Reputation: 839
I'm trying to use the git diff --word-diff-regex= command and it seems to reject any types of lookaheads and lookbehinds. I'm having trouble pinning down what flavor of regex git uses. For example
git diff --word-diff-regex='([.\w]+)(?!>)'
Comes back as an invalid regular expression.
I am trying to get all the words that are not HTML tags. So the resulting matches of the regex should be 'Hello' 'World' 'Foo' 'Bar' for the below string
<p> Hello World </p><p> Foo Bar </p>
Upvotes: 26
Views: 5784
Reputation: 487725
The Git source uses regcomp
and regexec
, which are defined by POSIX 1003.2. The code to compile a diff regexp is:
if (regcomp(ecbdata->diff_words->word_regex,
o->word_regex,
REG_EXTENDED | REG_NEWLINE))
which in POSIX means that these are "extended" regular expressions as defined here.
(Not every C library actually implements the same POSIX REG_EXTENDED
. Git includes its own implementation, which can be built in place of the system's.)
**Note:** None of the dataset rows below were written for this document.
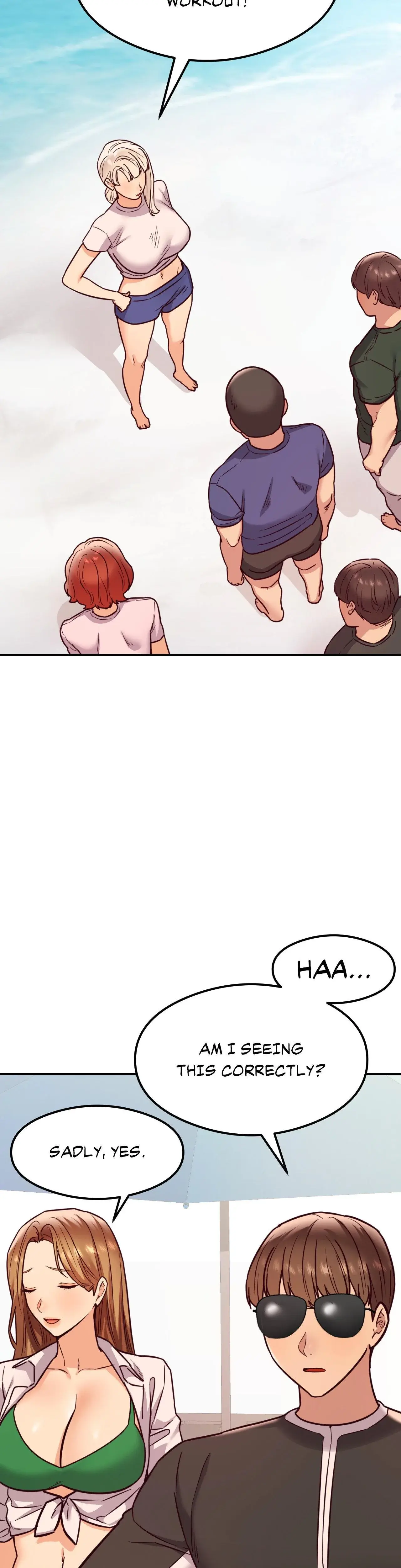 Insatiable Massage Club Chapter 17 - Page 12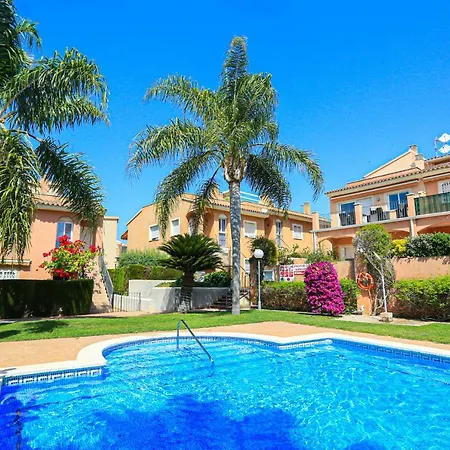 Apartment Bahia Dorada 8 D - Only Families *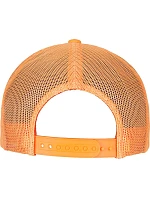 Flexfit 6506 5 panelová Retro Trucker kšiltovka 55.6506 neon orange
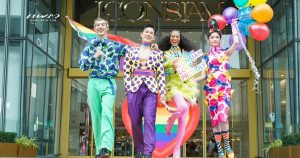 “ICONSIAM Love Proudly” Cover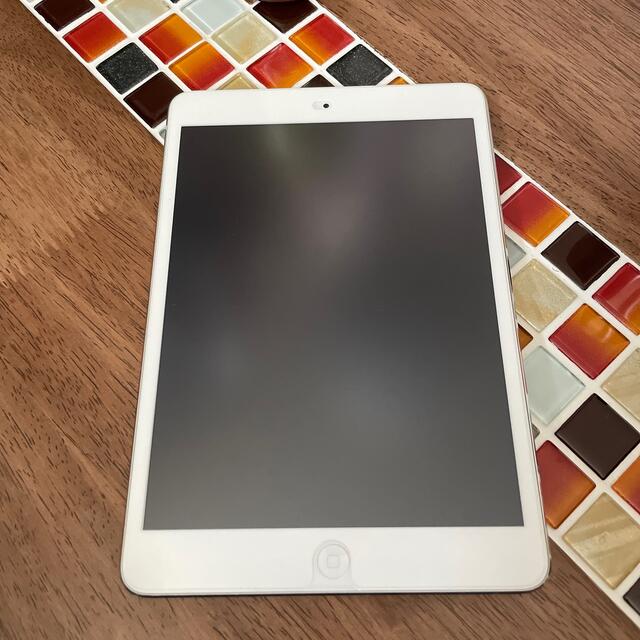 タブレットiPad mini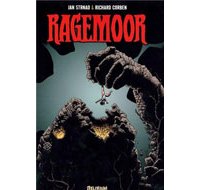 Ragemoor, le grand retour de Richard Corben et Jan Strnad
Edit (per updated question): POSIX EREs have neither lookahead nor lookbehind, nor do they have \w
(but [_[:alnum:]]
is probably close enough for most purposes).
Upvotes: 14
Reputation: 19200
Thanks for the hints from @torek 's answer above, now I realize that there are different flavors of regular expression engines and they could even have different syntax.
Even for one particular program, such as git, it could be compiled with a different regex engine. For example, this blog post hints that \w
would be supported by git, contradicting with what I observed from my machine or what the OP here asked.
I ended up finding this section from your recommended wikipedia page most helpful, in terms of presenting different syntax in one table, so that I could do some "translation" between for example [:alnum:]
and \w
, [:digit:]
and \d
, [:space:]
and \s
, etc..
Upvotes: 2